Disc One (Ultra HD 4K Blu-ray)
Audio Commentary – This isn’t anything new here as, well, most everyone associated with this film is long since dead. But don’t let that deter you from listening to this track. Featuring late director Sydney Pollack as he “hosts” a commentary. It’s actually more like a collection of interviews that vary in audio quality, but it’s an interesting listen nonetheless.
The Wonderful The Wizard of Oz: The Making of a Movie Classic – From the “vaults” is a 1990 documentary that runs 50 minutes and is hosted by Angela Lansbury. This was present on the 2009 Blu-ray and has found its way onto the 4K disc. All the bases are covered here, but after watching countless hours of extras, it’s essentially all the same. Still, better to have than have not.
Disc Two (Blu-ray)
If you have the two-disc 75th Anniversary edition of the film, then you have the second disc of this 4K set. It’s the same. But since this is The Wizard of Oz we’re talking about here, let’s get started!
Audio Commentary – This is the same commentary as the one on the 4K disc.
Music and Effects Track – Don’t like dialogue? Well we’ve got just the thing for you – just listen to the music and sound effects. Sorry, Dark Side of the Moon is not included in this release.
Original Mono Track – Don’t like to make use of your surround speakers? We’ve got just the thing for you – the original mono track presented, ironically, as a Dolby Digital option. Purists should rejoice though! Oddly, this mono track is not present on the 4K disc.

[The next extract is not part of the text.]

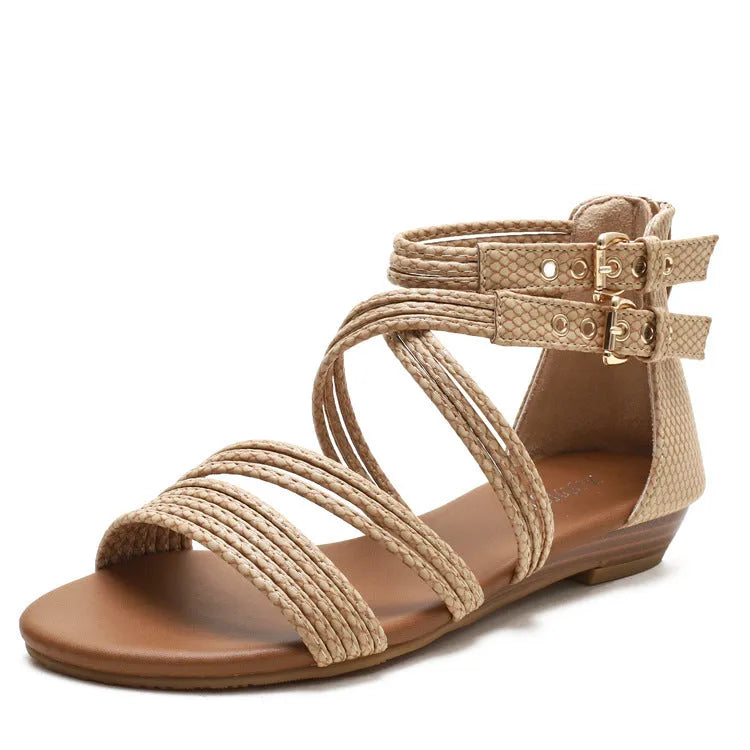 Women's open toe Roman sandals with cross strap, wedge heel, buckle, and back zipper in artificial leather.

The Wonderful Wizard of Oz Storybook – Angela Lansbury essentially reads us an abbreviated version of The Wizard of Oz.
We Haven’t Really Met Properly – Lansbury again introduces us to a series of shorts that give us a brief overview of the main characters in the movie.
Sing Along – If you’re feeling vocal, I mean really vocal then you can sing along with Dorothy and the gang to the songs in the movie. Included are “Over the Rainbow,” “Munchkinland Medley,” “Follow the Yellow Brick Road/You’re Off to See the Wizard,” “If I Only Had a Brain,” “If I Only Had a Heart,” “We’re Off to See the Wizard,” “If I Only Had the Nerve/We’re Off to See the Wizard,” “Optimistic Voices,” “The Merry Old Land of Oz,” and “If I Were King of the Forest.”
Jukebox – Running at just over an hour, this is a collection of audio recordings from the film. Follow along as we hear Judy Garland cough and starts the song over as well as other various rehearsal and “live” songs are sung.
Still Galleries – Literally hundreds of production photos are at your fingertips for your viewing pleasure. These are divided up into 18 different chapters.
Lux Radio Theater Radio Broadcast – Circa 1950, this Christmas special is essentially an audio version of the film with Judy Garland on hand to reprise her role as Dorothy, albeit in vocal fashion only.
Good News of 1939 Radio Show – Robert Young interviews the cast of this The Wizard of Oz. Presented by Maxwell House – good to the last drop!
Trailers – To see how good the feature films look, just watch any of these 6 trailers included.
The Bottom Line
There are movies and then there are films. The Wizard of Oz is the latter. It’s a title that most likely has been, should and will be on every movie-lover’s shelf. It’s hard to believe that they can continue to make this movie look better, but they do. I shouldn’t even have to list why you need to own this – just get it. It’s quite possibly the perfect movie and it’s never looked better.